We are moving everything to the new site. Please visit our new Stata page. This site will no longer be updated.
egen is the extended generate and requires a function to be specified to generate a new variable.
egen newvar = function(arguments) creates the new variable. Commonly used functions include but are not limited to mean(), sd(), min(), max(), rowmean(), diff(), total(), std(), group() etc.
Type help egen to view a complete list and descriptions of the functions that go with egen.
. sysuse auto
. egen total_weight=total(weight), by(foreign) creates the total car weight by car type.
Note that egen newvar = total() treats missing values as 0. Therefore, if we want to include only the nonmissing cases, we need to
. egen total_weight = total(weight) if !missing(weight), by(foreign)

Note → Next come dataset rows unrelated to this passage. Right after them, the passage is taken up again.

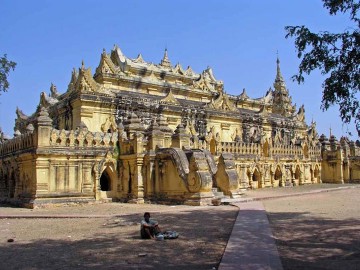 Cruise: BAGAN - MANDALAY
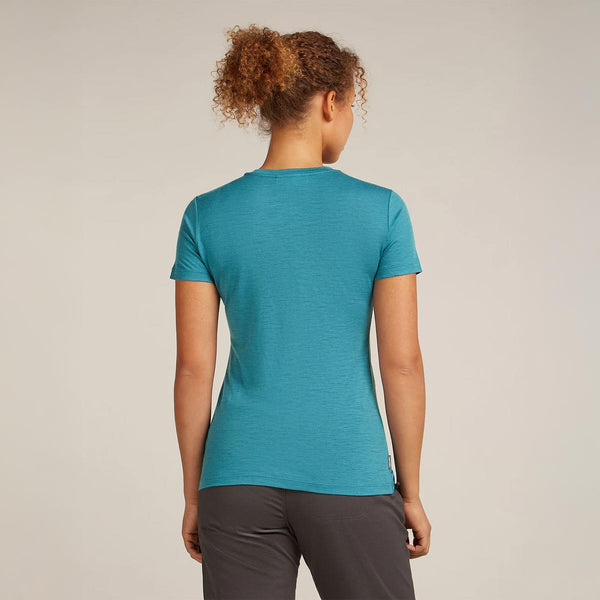Womens 150 Tech Lite Tee Snow Day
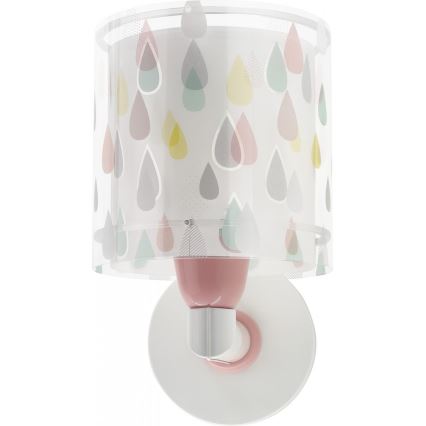 Dalber 41439 - Aplique infantil COLOR RAIN 1xE27/60W/230V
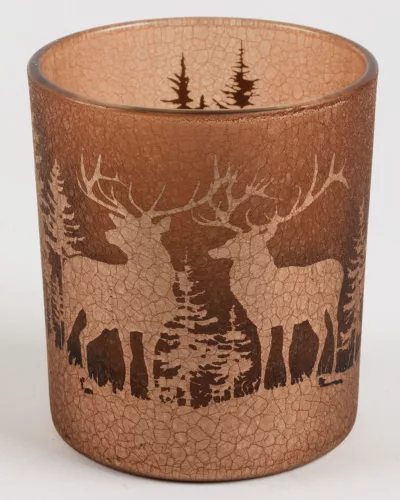 Ü.MT.FENYŐK BARNA    9*10CM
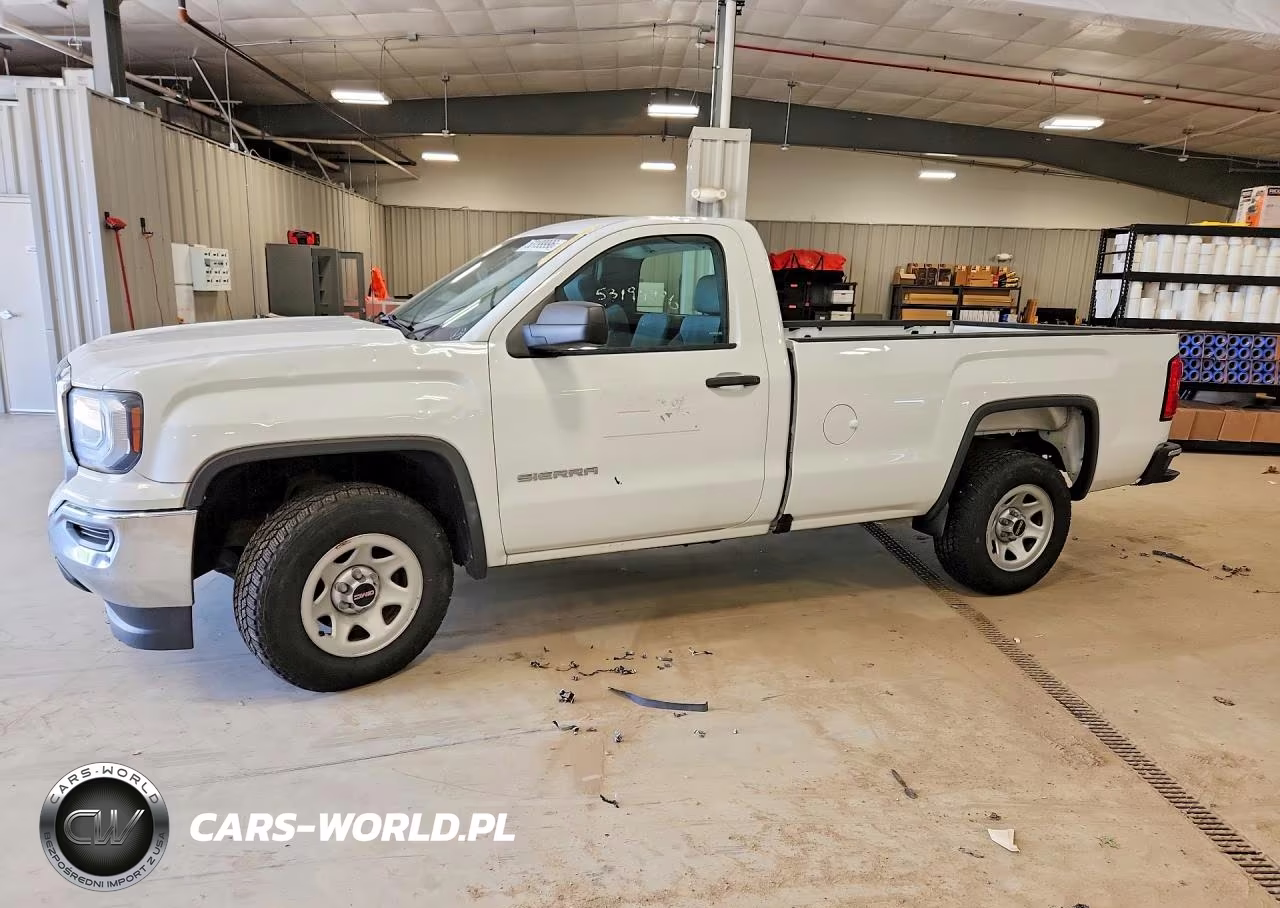 2016 GMC Sierra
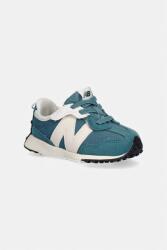 New Balance 327 gyerek velúr sportcipő - türkiz 27.5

. egen car_space = rowmean(headroom length) creates an arbitrary measure for car space using the mean of headroom and car length.

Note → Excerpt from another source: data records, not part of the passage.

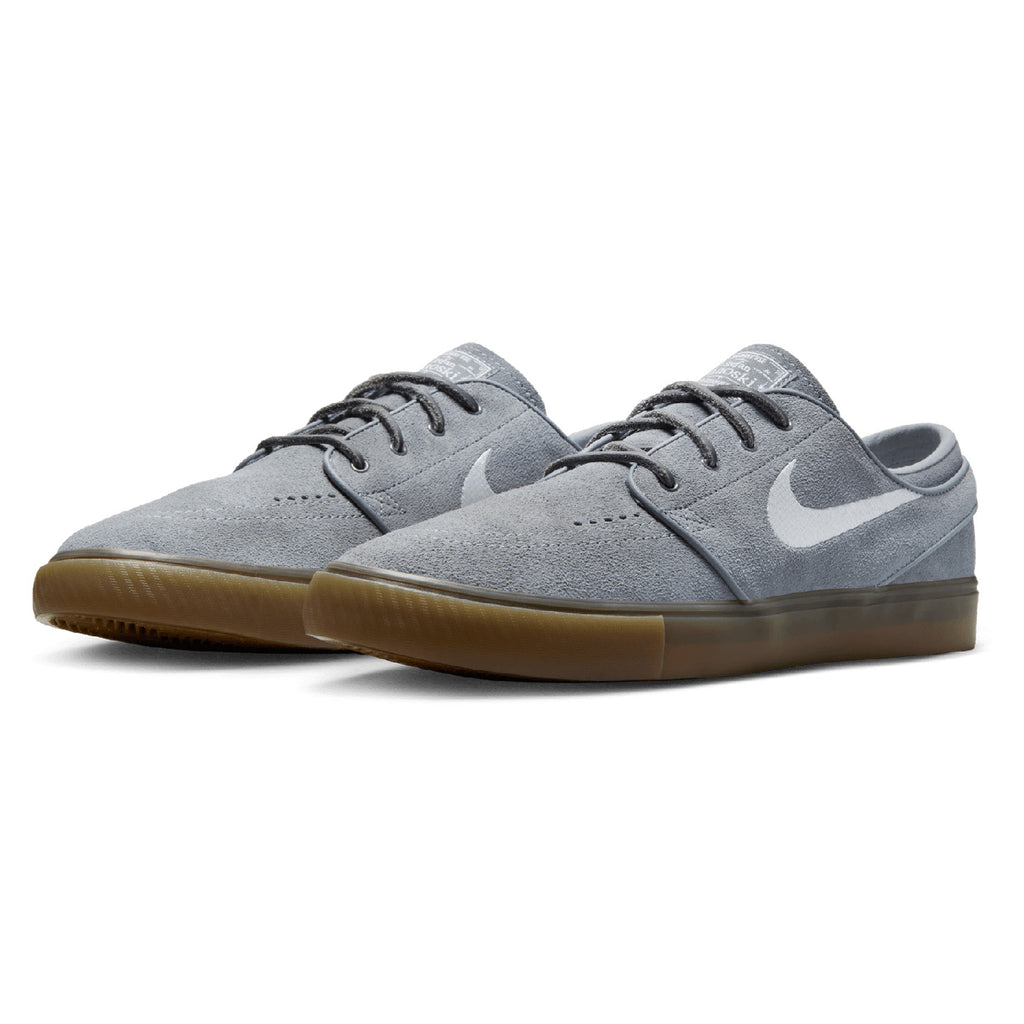 Nike SB Zoom Janoski OG+ Shoes - Cool Grey / White - Cool Grey - pair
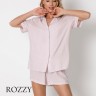 Пижама с шортами Aruelle Wendy SS22 розовый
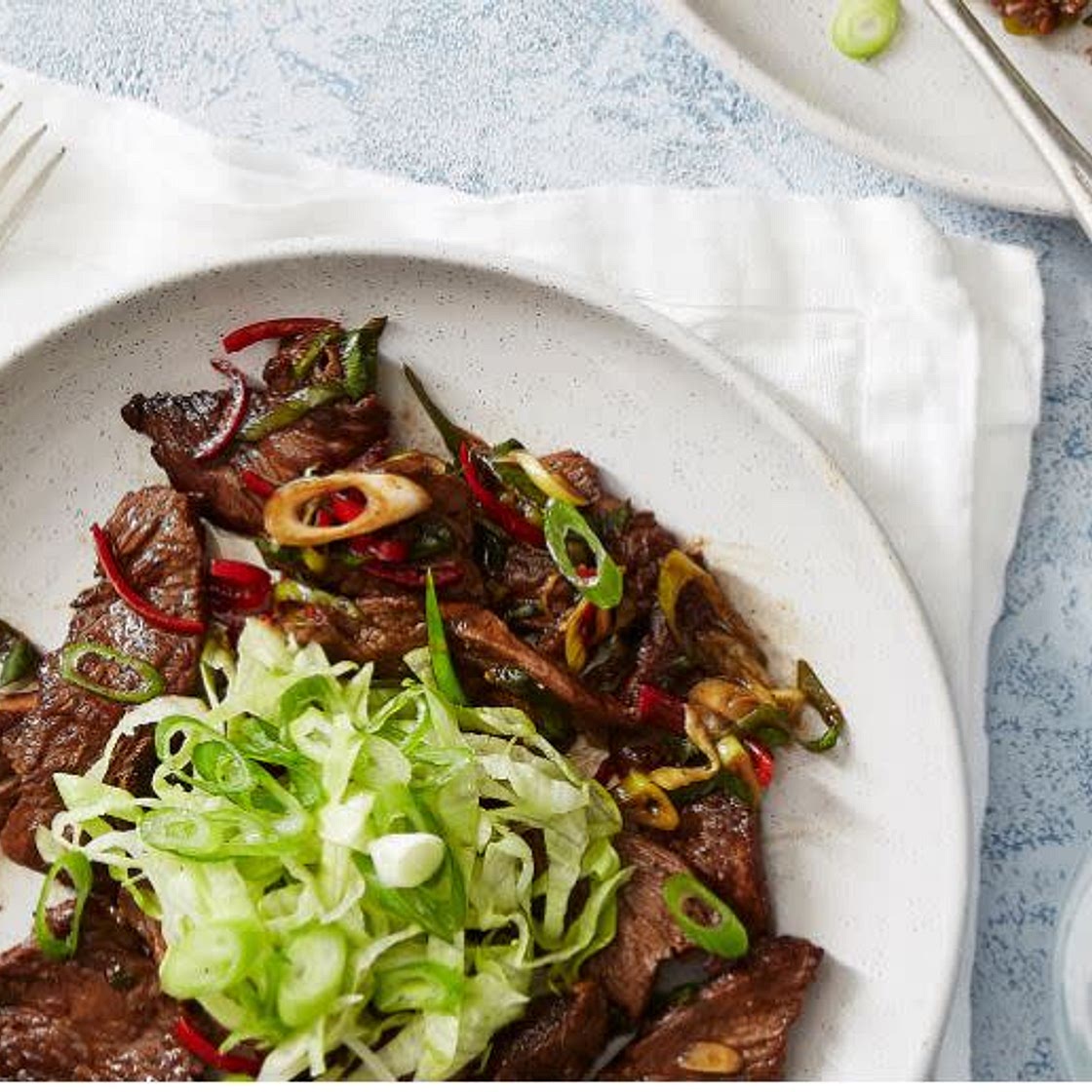 Sichuan Beef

Note that if in some cases one of the two variables headroom and length is missing, egen newvar = rowmean() will ignore the missing observations and use the non-missing observations for calculation. If both are missing, egen newvar = rowmean() will then return a missing value. In this example neither variable contains missing values.
Compare this method to the generate method:
. gen car_space2 = (headroom+length)/2 where if any of the variables has missing values, generate will ignore the entire rows and return missing values.
egen group_id = group(old_group_var) creates a new group id with numeric values for the categorical variable.
. sysuse citytemp
. egen region_id = group(region)
. tostring(region_id), replace
generates a new group id with values from 1 to 4 for the categorical variable region and then converts the id variable to a string.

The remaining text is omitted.